NOTE: If the RxD input is low when the receiver is enabled and
remains low for at least 9/16 of a bit time a valid start bit will be
seen and data (probably random) will be clocked into the
RECEIVER FIFO

The RxFIFO consists of a first-in-first-out (FIFO) with a capacity of
eight characters. Data is loaded from the receive shift register into
the top-most empty position of the FIFO. The RxRDY bit in the
status register (SR) is set whenever one or more characters are
available to be read; a FFULL status bit is set if all eight stack
positions are filled with data. The number of filled positions is
encoded into a 3-bit value. This value is sent to the interrupt bidding
logic where it is used to generate an interrupt. A read of the RxFIFO,
outputs the data at the top of the FIFO. After the read cycle, the data
FIFO and its associated status bits are ‘popped’ thus emptying a
FIFO position for new data.
NOTE: The number of filled positions in the RxFIFO is coded
as actual number filled positions.
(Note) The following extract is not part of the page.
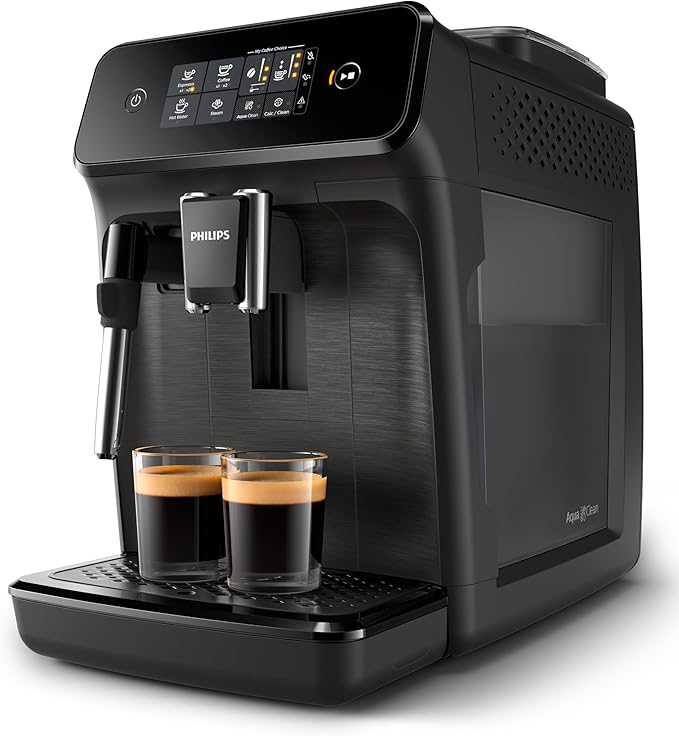 Philips Walita EP1220/15: O Guia Definitivo para um Espresso Perfeito em Casa (Será?)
Seven filled will be coded as
7. Eight filled positions will be coded as 7 and the RxFIFO full
status bit will be set.
Status

In addition to the data word, three status bits (parity error, framing
error, and received break) are appended to each data character in
the FIFO. Status can be provided in two ways, as programmed by
the error mode control bit in the mode register. In the ‘character’
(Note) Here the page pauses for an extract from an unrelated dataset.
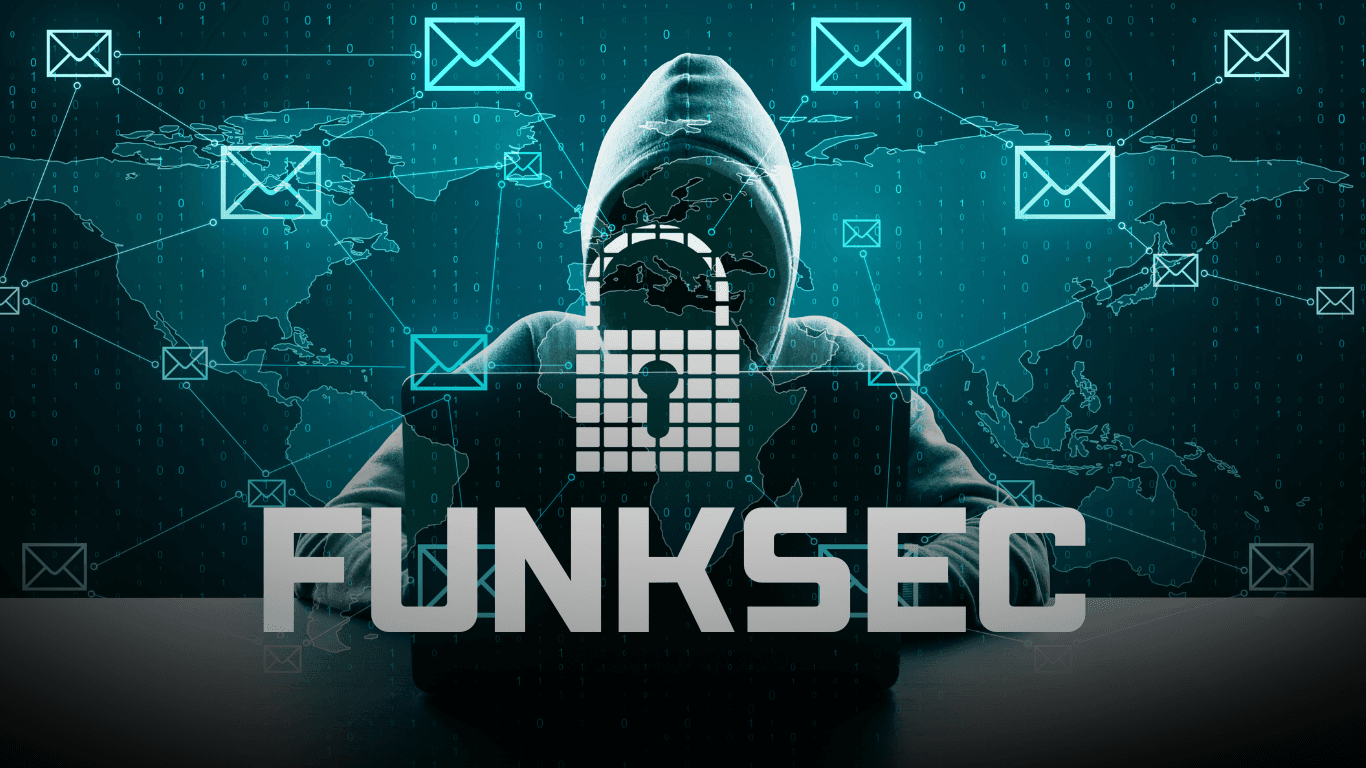 Inside FunkSec Ransomware Operation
mode, status is provided on a character-by-character basis: the
status applies only to the character at the top of the FIFO. In the
‘block’ mode, the status provided in the SR for these three bits is the
logical OR of the status for all characters coming to the top of the
FIFO since the last reset error command was issued. In either
mode, reading the SR does not affect the FIFO. The FIFO is
‘popped’ only when the RxFIFO is read. Therefore, the SR should
be read prior to reading the corresponding data character.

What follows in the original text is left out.